Recently I told y’all about my son’s new stray, adopted from the shelter. He’s good at training pups, and so his journey begins with Lucy. His other dog, Harper, has all sorts of commands and tricks under her belt, and was a quick study, but Lucy? Well, just consider her the second child . . . the one that teaches you as a parent that everything you learned about raising a child doesn’t necessarily work.
You can read more at his personal blog at Nanu’s Nation, where he’s been blogging about the little and big things in his life for going on eight years. Some of you already follow him. I’m rather proud of his online journal, but then….he’s my son.
But the point is Lucy is a two steps forward and one step back sort of pup. The methods my son used to train Harper aren’t necessarily working on Lucy.

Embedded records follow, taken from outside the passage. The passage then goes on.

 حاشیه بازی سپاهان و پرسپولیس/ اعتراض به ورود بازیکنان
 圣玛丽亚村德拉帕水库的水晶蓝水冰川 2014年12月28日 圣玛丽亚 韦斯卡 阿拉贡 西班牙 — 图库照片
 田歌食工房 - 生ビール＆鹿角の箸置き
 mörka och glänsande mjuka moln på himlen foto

Too often we think of our writing as a positive process. One where we write when we like, only about ideas we love, with the end results being a beautiful story the world will adore. Not the case at all. Good writing . . . writing that comes across as effortless in reading . . . is the result of hard, heart-breaking struggle.

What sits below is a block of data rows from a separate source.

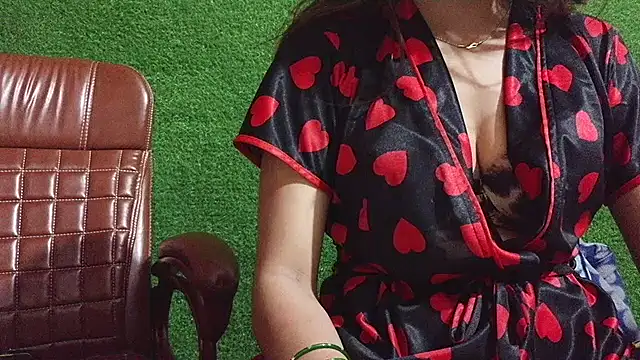 SEXY-SIMI-BHABI online show from 05-14-26, 11:17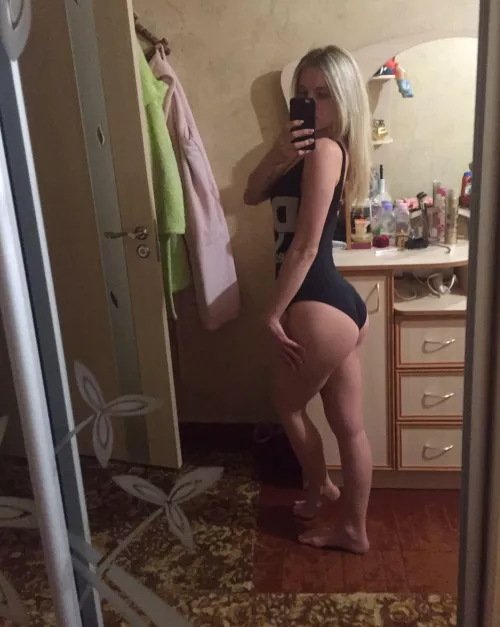 These legs need warming up by Eryka_V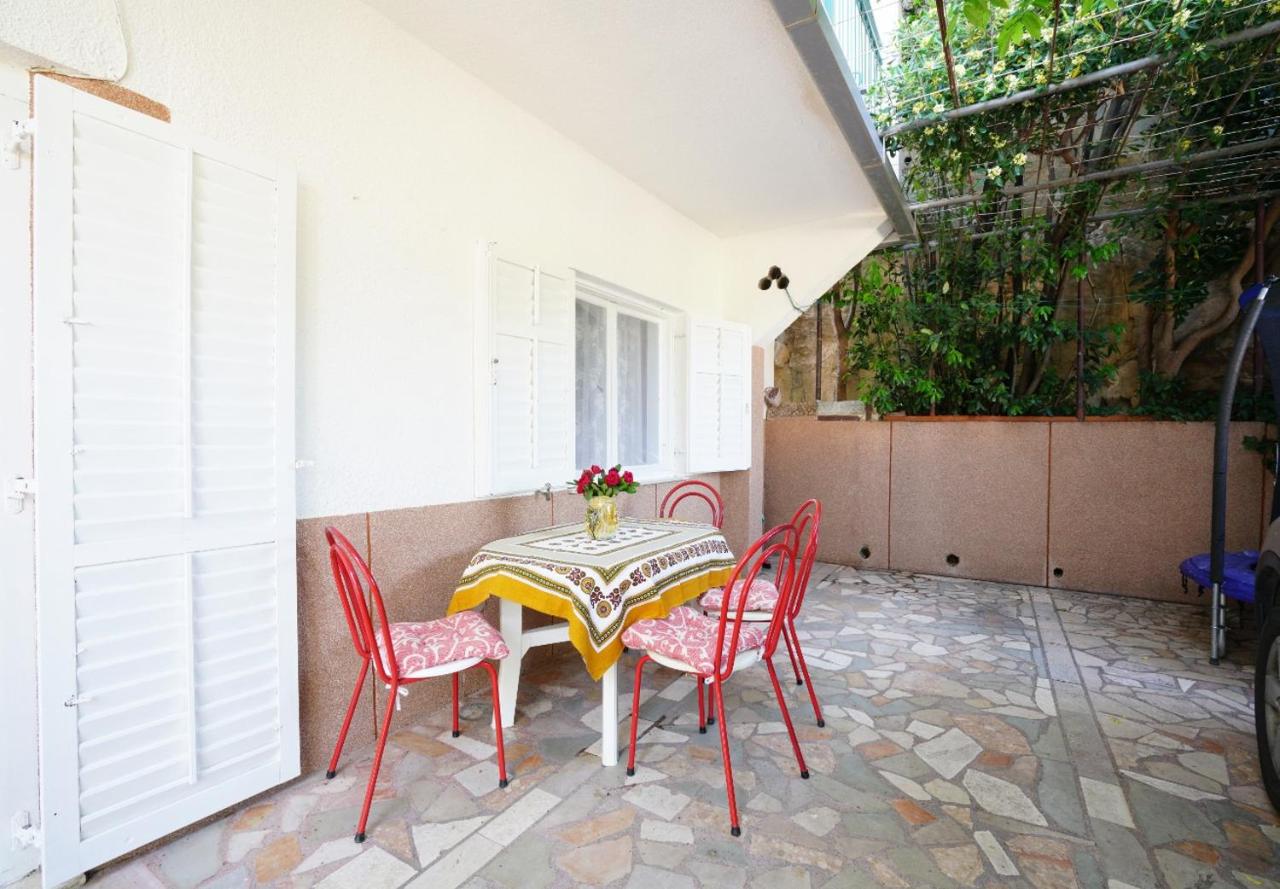 One-Bedroom Apartment with Terrace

But let’s say you wrote your first book, enjoyed the process, then started on the second. You figure you have this routine worked out now that you’re published. Like having children and raising pups, you soon learn that no two books are alike. They differ. Boy, do they differ. You get frustrated. You want to quit, but if you are responsible and diligent in writing, you weather through it. You learn the new tricks necessary. You develop new habits. The end result is a product you’re proud of and additional skills. And if you move on to book three, you’ll feel like you’ve adopted yet another stray, and all your previous magic just doesn’t work. You search for yet another way to write a good story.
But most of all, hopefully, you realize that you never “arrive.” Writing is a constant journey with no end in sight. Constant growth, never-ending change, and a perpetual need to focus on being better. An ongoing effort to create a different story and find new ways to fulfill the needs of writers,
Like rearing children . . . like raising pups. No two are mastered the same.